* [Required action] Only the lines below from the one containing "Modern And Bright" through the one containing "bouton rayé gris" belong in the answer, set down exactly, with the pictures left out.

* [Data listing]

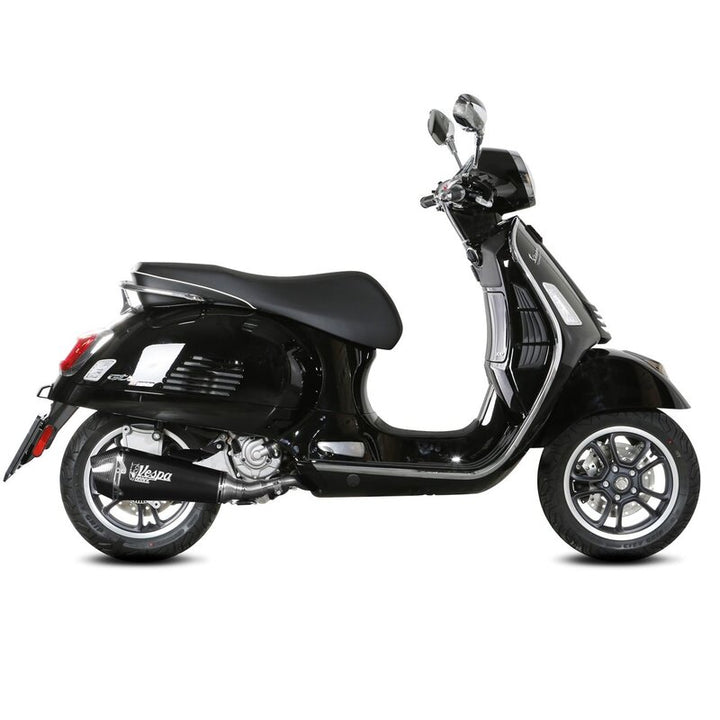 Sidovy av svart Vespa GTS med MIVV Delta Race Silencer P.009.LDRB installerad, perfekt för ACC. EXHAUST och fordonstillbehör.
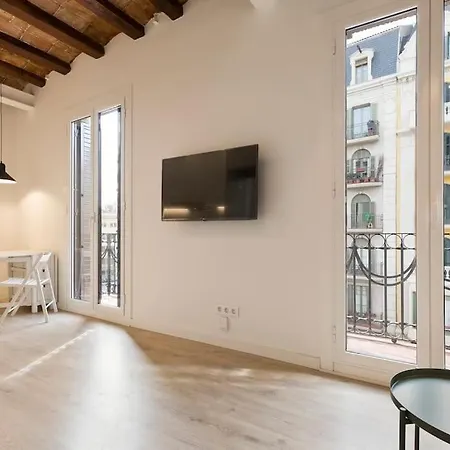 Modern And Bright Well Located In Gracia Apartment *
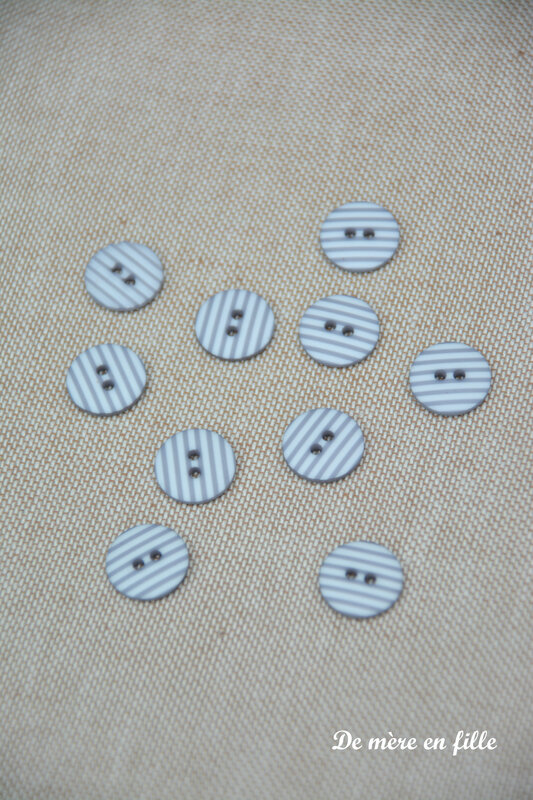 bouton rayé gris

* * *

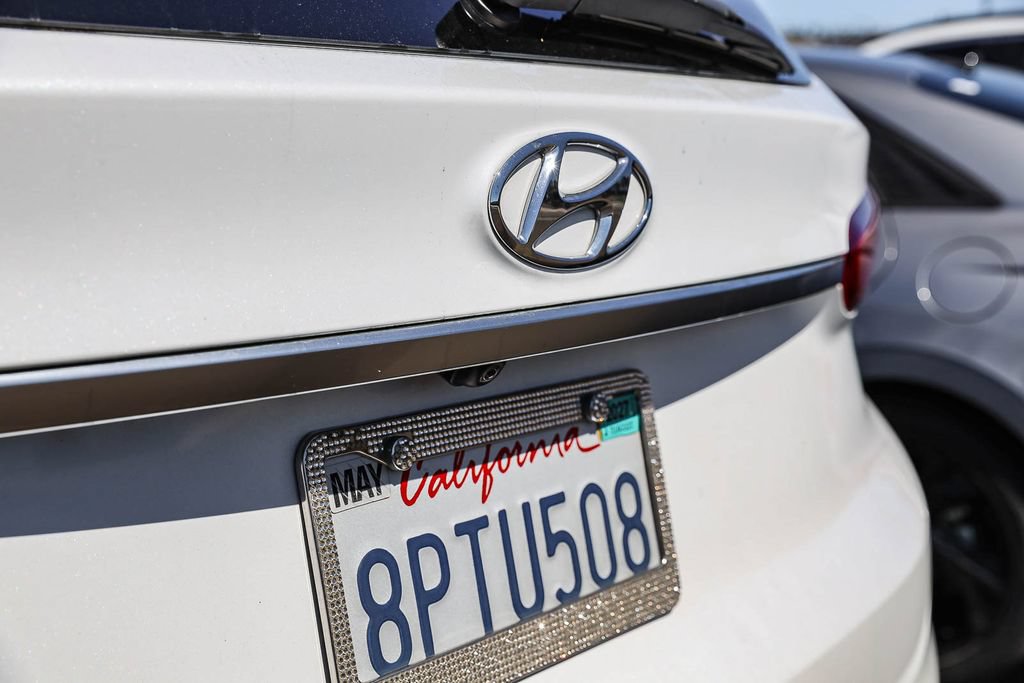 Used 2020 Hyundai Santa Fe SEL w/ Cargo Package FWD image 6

* [Task answer]
 Modern And Bright Well Located In Gracia Apartment *
 bouton rayé gris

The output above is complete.